The death of the theatrical experience is a story journalists love to write. Hell, anything with the word “death” in the title gives writers a most epic half chub. I’m not sure when everyone became obsessed with decay. Seems like I can’t make it through the day without someone telling me how damn busted up everything is.
For years people have been writing long-winded rants about how movie theaters have the life expectancy of Rupert Murdoch in a hole full of hungry crocodiles. They were making the same argument back when the VCR was first unveiled. Yet, here we are decades later with people still heading to the movies.
The VCR didn’t kill the movie theater. Netflix didn’t kill the theatrical experience. Yes, there are a ridiculous number of entertainment options available to a nation of media-hungry vegetables. Rather than opine frantically about the strengths and weaknesses of both, I decided to do a little experiment and check an offering in the theaters and at home to weigh strengths and weaknesses of watching new movies at the theater and at home.
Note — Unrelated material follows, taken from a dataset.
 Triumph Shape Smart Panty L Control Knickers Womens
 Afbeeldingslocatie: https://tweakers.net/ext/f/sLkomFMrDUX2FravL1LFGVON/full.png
The late summer has always been a time when Hollywood dumps movies into theaters with the enthusiasm of a comatose millennial at a lecture about waning attention spans. “Mechanic: Resurrection” is an epic piece of action dumpster-diving that has no reason to exist. In fact, it kind of exemplifies the problems currently plaguing Hollywood: a pointless sequel that brings nothing new to the equation. Jason Statham might be the very definition of “nothing new.”
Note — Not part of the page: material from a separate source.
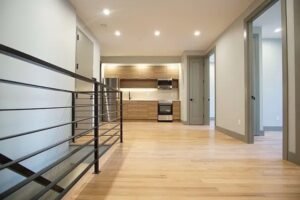 Spacious 4BR Duplex w/ Rooftop, Laundry & Prime Flatbush Location Near Brooklyn College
Arthur Bishop (Statham) is the world’s greatest assassin who has decided to give up his life of killing people because he’s in love. To be fair, it’s for Jessica Alba. If anyone was capable of stopping me from being awesome to stay inside for marathon-naked fun, it would be her. Of course, bad asses with super murdering skills never stay retired. Our hero is put in an impossible situation and must kill a number of bad guys in 36 hours or lose his lady love. This would seem like an insurmountable task, but Jason Statham eats impossible situations for breakfast and craps them out before lunch. There’s really nothing wrong with “Mechanic: Resurrection.” It’s an average action film that never takes itself too seriously. It’s made infinitely more bearable by Tommy Lee Jones, who spends every scene making folks wonder how big of a paycheck he made to appear.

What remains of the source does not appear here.